Some of you may or may not know, I penned a fabulous story sort of novella thing for Pankhearst’s first publication Cars & Girls. I say fabulous because I am actually incredibly proud of what I’ve put on virtual paper. It’s raw and harsh, kick you in the gut, with a tormented leading lady and a shit ton of cuss words. The interesting part, as much as I like it, I tend to think you're not going to enjoy it at all.

Yeah, you, the one reading this. Okay, fine, maybe I should give you the benefit of the doubt. Maybe you love edgy, in your face stories about revenge with dirty sexy stuff and bloody gorrific twists too.
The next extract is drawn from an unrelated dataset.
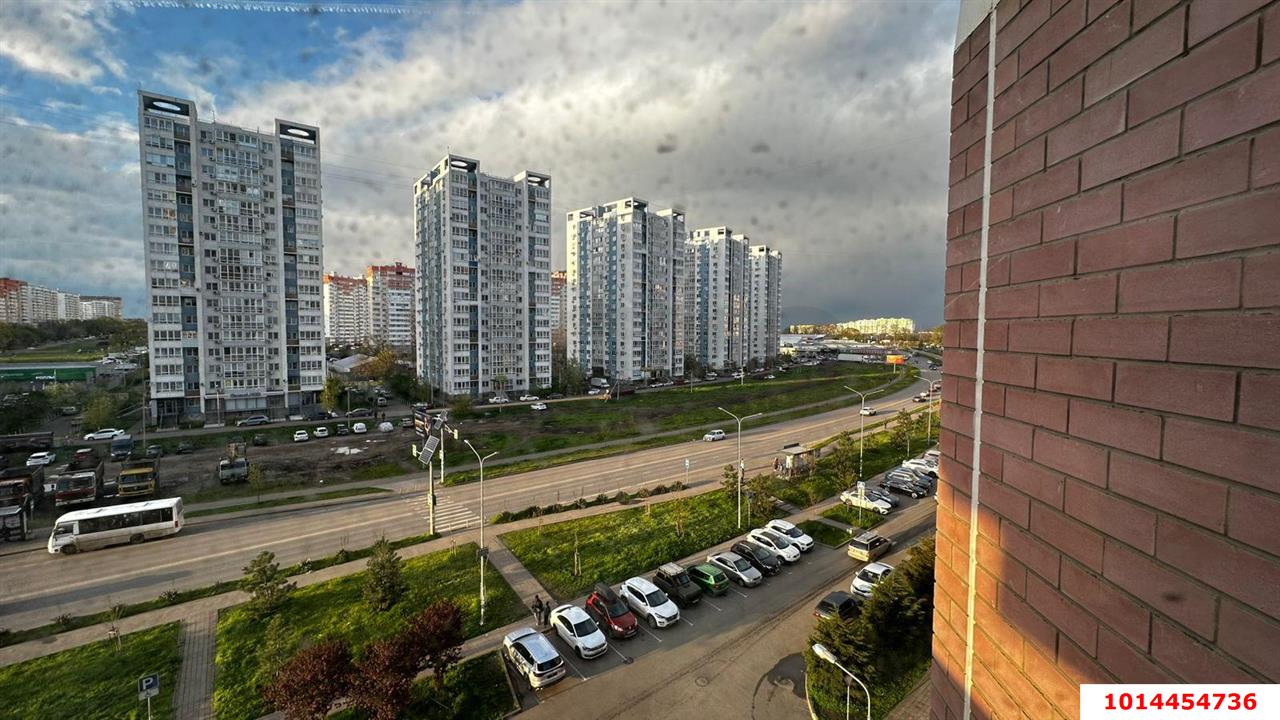 Фото №11: 3-комнатная квартира 83 м² - Краснодар, жилой комплекс Бауинвест, ул. имени 40-летия Победы, 184к2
Still, here are the five reasons why you won’t like my story. OR, more so, five reasons why I think you're not going to like my story. Because, let's be honest, this is all in my head ... but we all have reservations about our work. Perhaps it's kind of brave of me to be able to put mine out there for you to read. Or perhaps not.

1 - The shit ton of cuss words. Alright, fine, you say you don’t mind a bitch here and an ass there. You think, if it benefits the story, then it will work for you. Then cool, I say, this might actually be a match made in heaven. work for you. And with labels such as tart noir, fem noir and pulp being tossed around like candy at Halloween, I only hope grandmothers aren't popping their false teeth in and lining up with their walkers to snatch this up as soon as it hits shelves. Then again, there are some rather edgy grandmothers in this world and, despite the stereotype, it’s not g-mas who are the uptight ones. If you’re a stuck up twenty-something year old who thinks masturbation is dirty or, dare I say, one of the PC Brigade of Yummy Mummys who fell in love with the virginal sparkly vampire who refused to drink human blood, well, this probably isn't going to end well. But I have a feeling you will be head-over-heels for 500. It’s really a very romantic story. (Cough-cough)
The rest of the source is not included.